Now, Lockdown started partway through this course and owing to work requirements the time and energy I had left for the course shrank so much I would describe myself still as at least ten days behind, and I probably want to spend the next month at least when I can going back over bits and try Day 21 onwards properly… I’ve read through and played along with them all but know there’s so much more still to do. Thought I’d best write this now though and give you some timely feedback. And as the list above shows, I’ve already learned more than I ever thought I could or would.
The vimeos you produce are brilliant and I couldn’t have got anywhere without them, not being able to read music well enough to play rhythms correctly from scores. Thanks also for the patience it takes to play through at slower tempo every time. Taking from this I’m developing two –tiered worked solutions to problems, with a more explicitly step-by-step version (i.e slower tempo) following our normal one… this could make a big difference for the less confident.

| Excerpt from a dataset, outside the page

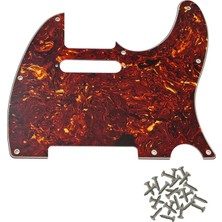 Kul Concept Telecaster Uyumlu Elektro Gitar Pickguard 8 Delikli Kırmızı Alev Desenli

I’ve just read back through the points above and my over-riding message is please carry on doing what you do.
For my closing words have to be simply of thanks… even before this course you, and a select few others like you, have changed my life with your passion and generosity of spirit in sharing your knowledge of bass online for free. I hold up the provision of free online educational materials as one of the finest examples of what is good in humanity. Never stop, while you can still do this, please.
In this course in particular I feel new possibilities stretching away endlessly; before I was like a parrot, taught to repeat clever phrases with no understanding. Suddenly now I feel I might be able to speak for myself: not fluent yet, but introduced to the language in a way that I can understand. Thank you sincerely for this.”